Sevdiğim bir kardeşim, ‘Napıyorsun abi’ diyor.
Ben de hani bir söz var ya;
‘Ağlar, gezerim’ diye…
Ben de öyle diyorum; ‘Ağlayıp, geziyorum işte.’
‘Niye ağlıyorsun ki, abi’ diyor, ‘Yaşamana bak.’
Güzel tavsiye elbette.
İçtenlikle söylediğine inanıyorum.
Yaşamaya bakim, değil mi?
Nasıl bir şey bu ‘yaşamak’ dediğin…
Herhalde sadece nefes alıp, vermek değil zahir!
Aldığın nefesten, tükettiğin ömürden keyif almak olmalı herhalde.

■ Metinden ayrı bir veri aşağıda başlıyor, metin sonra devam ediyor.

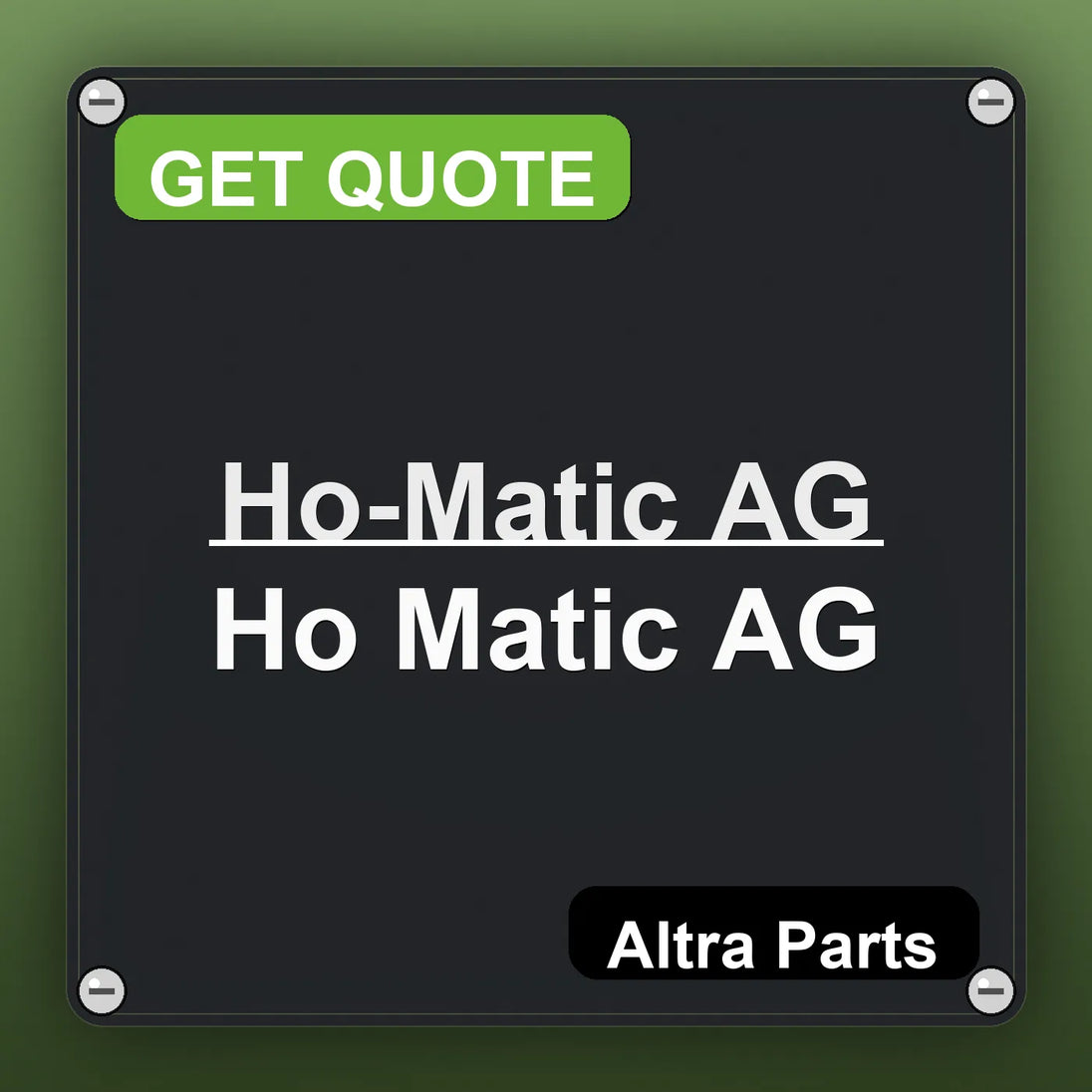 Ho-Matic AG Ho Matic AG industrial nameplate style image – Altra Parts. GET QUOTE.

Bilmiyorum tabii tarife göre değişir ama benim düşüncem böylesi bir şey işte.
Hayat dediğiniz sadece istemsiz yaşadıklarınızla değil ki biz buna kader diyoruz.
İçinde sizinle yaşayanlarla güzel olmalı.
Sizi anlayabilen…
Yeri geldiğinde okşayan...
Yeri geldiğinde dikkatinizi çeken…
Hatalarınıza bile hoşgörüyle yaklaşan…
Duygularınız depreşip, söze ve kaleme döktüğünüzde anı sizinle paylaşıp, anlayışla karşılayan…
Derdinizle dertlenip.
Neşenizle gülen.
İyi günde de kötü günde de sizi kucaklayabilecek…

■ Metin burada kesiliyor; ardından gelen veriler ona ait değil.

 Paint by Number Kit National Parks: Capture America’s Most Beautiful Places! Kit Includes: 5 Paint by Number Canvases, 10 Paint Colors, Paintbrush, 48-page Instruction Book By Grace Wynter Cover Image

Eksik yaşadıklarınızı onunla paylaştığınızda size yürek açan birileri bu güzelliği yaşatacak olanlar.
‘Hayat sizinle yaşayanlarla güzel olmalı’ dememdeki kasıt bu…
Yoksa zayıf bir anınızda yapıp, konuştuklarınıza set çeken, kendisini korumaya alıp size imalarla sopa gösterenlerle değil.
Yoksa bugün iyisiniz.
Yarın kötü!
Sıradan bir günde belki ummadığınız kadar bahtiyar.

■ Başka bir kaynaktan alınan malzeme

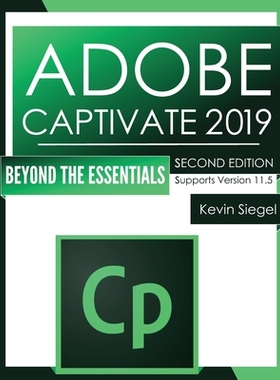 【预订】Adobe Captivate 2019: Beyond The Essentials (2nd Edition)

Özel bir gününüzde beklemediğiniz kadar bedbaht.
Onun için hangi günde hayatı arzuladığınız gibi yaşayacağınızı bilemezsiniz.
Çok özel bir günde iyi ve mutlu olmak gibi bir kavram yok benim hayatımda.
Ki bu nedenle özel günlere önem göstermek gibi bir tavrım yok benim.
İçinde sevdikleriniz, sizi anlayabilecekler, ufak gaflarınızı hoş göreceklerle yaşayacağınız günlere sözüm.
Yoksa hayat dediğin nedir ki gülüm?
Bir gün doğum.
Belki, doğum gününde ölüm!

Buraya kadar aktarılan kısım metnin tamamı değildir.